What to work on:
As an exercise in exact copying, transcribe the lines below from the one holding "The next step" through the last, with both ends included and pictures left out.

Data block:

[Start of section]

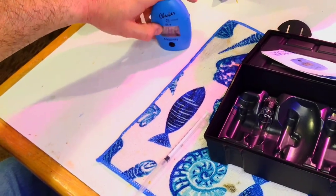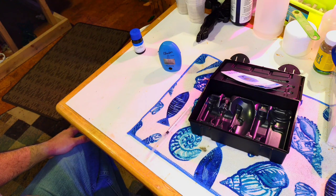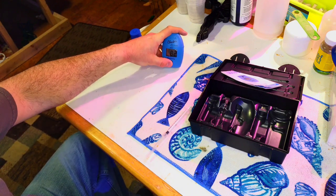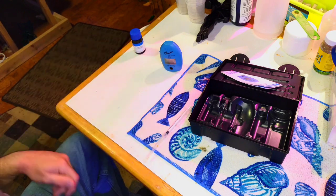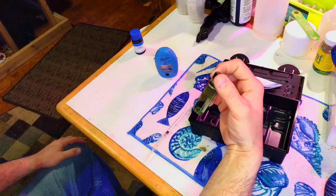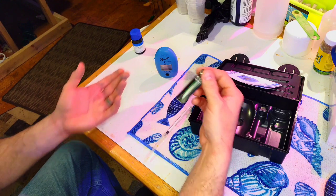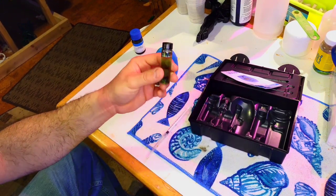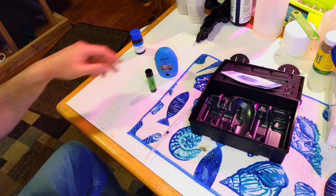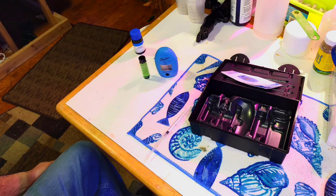This tank reads 8.2 dKH — not bad. I don't need to make any adjustments on that tank just yet; I'll probably dose it tomorrow, but that's a good number. To turn it off, just hit the button again or hold it in. You don't want to leave the sample in for more than about 10 minutes since this is a dye and it can stain the glass and affect future readings, so rinse it out as soon as possible. You can also keep extra cuvettes.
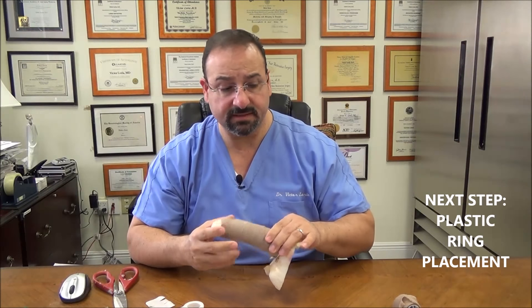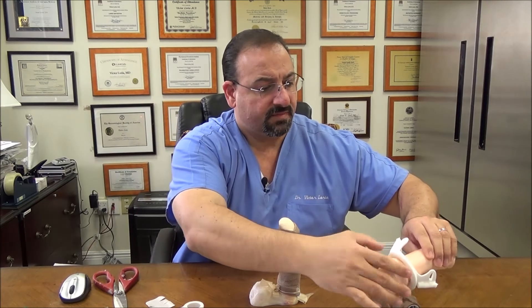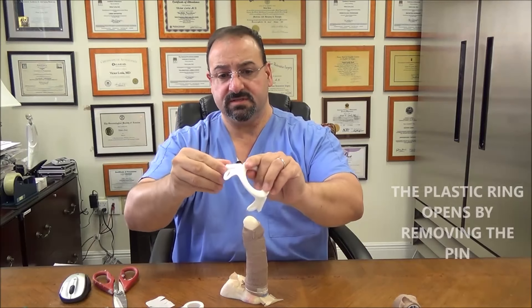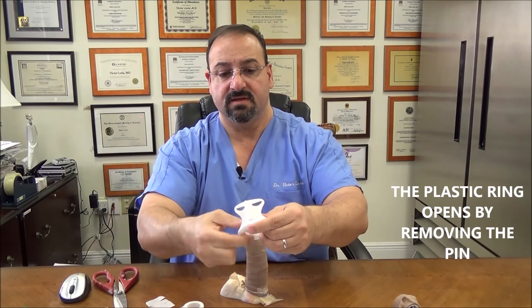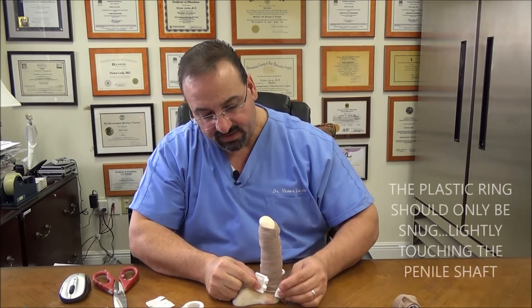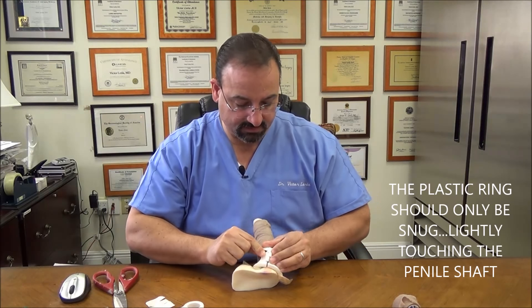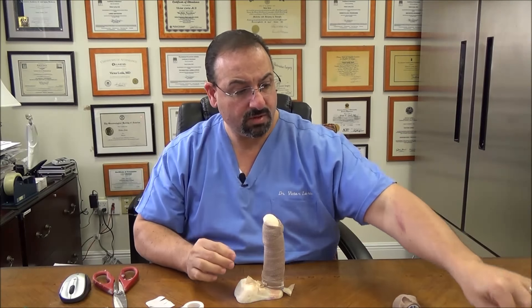The next step is plastic ring placement. The plastic ring is basically this device — it opens, and this is important for you to remember. You have to look for the joint, there's a little pin, and it opens like this. It closes down on the base and should only be snug on the base. I want to show you how the ring goes on with the strap mechanism.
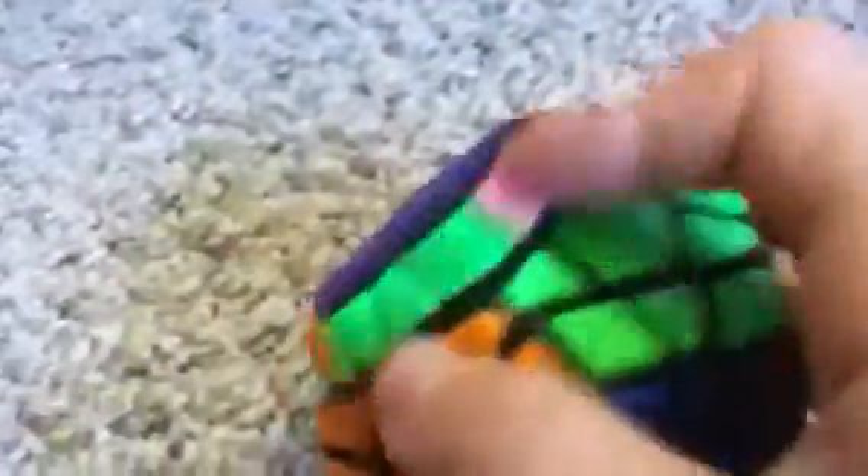QJ Megaminx — pops like crazy. Got it from Amazon, I think. Not fun, can't solve it.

[End of section]

Answer:
The next step is plastic ring placement. The plastic ring is basically this device — it opens, and this is important for you to remember. You have to look for the joint, there's a little pin, and it opens like this. It closes down on the base and should only be snug on the base. I want to show you how the ring goes on with the strap mechanism.
QJ Megaminx — pops like crazy. Got it from Amazon, I think. Not fun, can't solve it.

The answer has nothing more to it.